McClain-Furmansky has been part of Usenet death penalty campaigns, where network administrators band to block out all Usenet messages originating from sites hosting excessive promotional messaging, or spam. This problem was most recently underscored when major Internet service provider Netcom was threatened with, but ultimately spared, the death penalty.
Decision by Committee
The Usenet II steering committee is the final authority on what gets created. "We don't like making groups that really have no purpose and will have no traffic," Sexton said. "We're also very picky about putting something in at the second level [i.e. near the top of the name hierarchy]."
Usenet II "czars," appointed by the committee, are charged with administering topical hierarchies, including the addition of new groups and where they should go. But critics argue that the steering committee was formed from a group of acquainted people, and as such, input on Usenet II policy has been unfairly restricted.
Allbery concedes the exclusive nature of Usenet II's conception, but said doing otherwise would have presented a nearly insurmountable obstacle. Though it would have been a reasonable hope to form Usenet II by way of Usenet discussion, he said his experience in newsgroups tells him the ultimate conclusion would have been "that people shouldn't do anything new - and they never end up happening." Usenet II did "an end-run around all that and I'm not surprised that people have been annoyed."

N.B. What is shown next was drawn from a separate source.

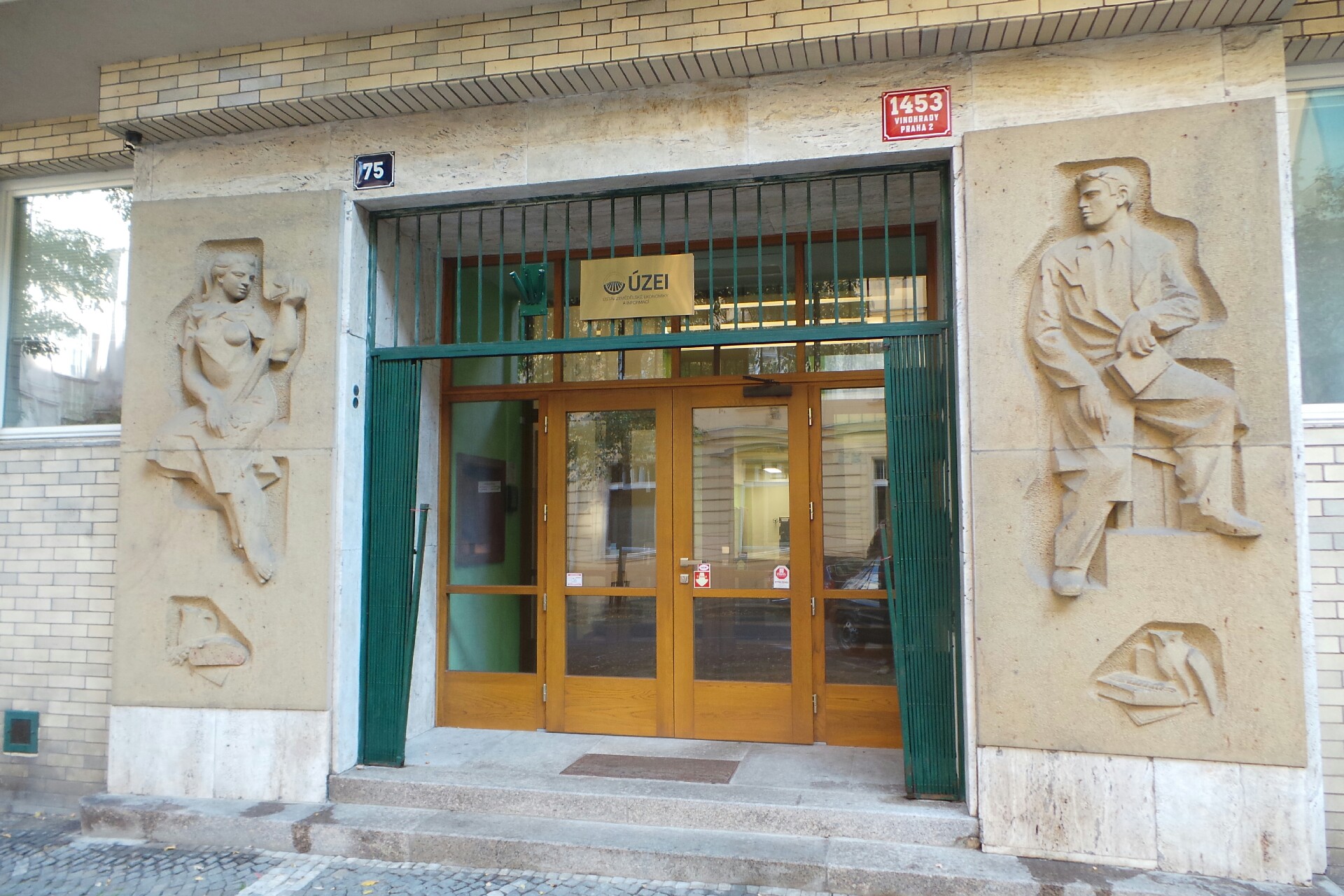 Ústav zemědělské ekonomiky a informací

At current count, 139 news servers worldwide offer a two-way Usenet II feed, though some sites may be carrying the incoming feed without enabled outgoing posting. Instructions for participation are available at the Usenet II site.

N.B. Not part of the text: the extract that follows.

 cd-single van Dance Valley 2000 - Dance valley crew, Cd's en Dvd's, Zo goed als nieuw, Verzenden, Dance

Meanwhile, ISPs are showing a liking for another discussion alternative for customers who may shy away from the unrestricted environment of the current Usenet.
Andreas Glocker, president of ISP Sirius Connections, said if there is enough customer demand his site would go about becoming a full participant.
Most appealing to an ISP like his, Glocker said, is Usenet II's controlled alternative to the openness of Usenet now. Focus groups conducted by his company show that people - especially teachers and parents - like America Online because they feel there is some central responsibility for what goes on in its discussion forums. Usenet II "might open up that kind of market for us."
As long as everyone knows that net.* discussion groups are more rule-driven, it's okay to offer them to customers, Glocker said. "People can make an educated choice about what they're going to get into."
But "the choice of calling a site unsound is more than just a combination of real problems - it really is a question of control," said Usenet II's anonymous critic, Tommy the Terrorist.
Nonetheless, looking to Usenet II's future, Sexton said he'd simply like to see Usenet II manage to remain consistent with its original goals: "No spam, [the ability] to email people who write articles, a namespace that doesn't get stupid, that it doesn't get tough to create groups where there is a perceived need." And most important, he said, "is that the group works together in a cooperative spirit."